代写 algorithm matlab python Problem 1 (12 marks)

Problem 1 (12 marks)
Re-implement (e.g. in Matlab or Python) the results presented in Figure 2.2 of the Sutton & Barto book comparing a greedy method with two -greedy methods (𝜀 = 0.01 and 𝜀 = 0.1), on the 10-armed testbed, and present your code and results. Include a discussion of the exploration – exploitation dilemma in relation to your findings.
Problem 2 (8 marks)
Consider a Markov Decision Process (MDP) with states 𝑆 = {4,3,2,1,0}, where 4 is the starting state. In states 𝑘 ≥ 1 you can walk (W) and 𝑇(𝑘, 𝑊, 𝑘 − 1) = 1. In states 𝑘 ≥ 2 you can also jump (J) and
𝑇(𝑘, 𝐽, 𝑘 − 2) = 3/4 and 𝑇(𝑘, 𝐽, 𝑘) = 1/4. State 0 is a terminal state. The reward 𝑅(𝑠, 𝑎, 𝑠′) = (𝑠 − 𝑠′)2 for all (𝑠, 𝑎, 𝑠′). Use a discount of 𝛾 = 1⁄2. Compute both 𝑉∗(2) and 𝑄∗(3, 𝐽). Clearly show how you computed these values.
Problem 3 (5 marks)
a) What does the Q-learning update rule look like in the case of a stateless or 1-state problem? Clarify your answer. (2 marks)

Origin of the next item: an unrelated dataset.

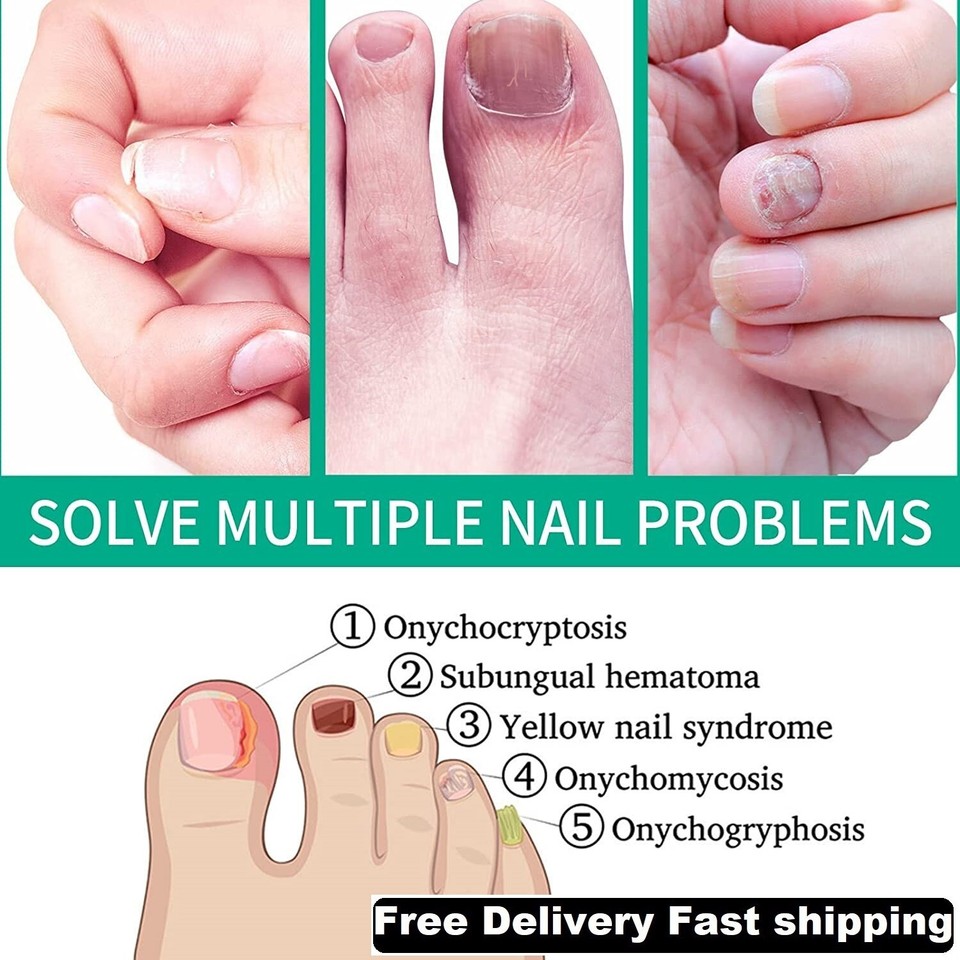 Kerassentials For Toenail Fungus Kerassentials Toenail Fungus Kerassentials for toenail fungus kerassentials toenail fungus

b) Discuss the main challenges that arise when moving from single- to multi-agent learning, in terms of the learning target and convergence. (3 marks)
Problem 4 (15 marks)
Re-implement (e.g. in Matlab or Python) the results presented in Figure 6.4 of the Sutton & Barto book comparing SARSA and Q-learning in the cliff-walking task. Investigate the effect of choosing different values for the exploration parameter  for both methods. Present your code and results. In your discussion clearly describe the main difference between SARSA and Q-learning in relation to your findings.
Note: For this problem, use 𝛼 = 0.1 and 𝛾 = 1 for both algorithms. The “smoothing” that is mentioned in the caption of Figure 6.4 is a result of 1) averaging over 10 runs, and 2) plotting a moving average over the last 10 episodes.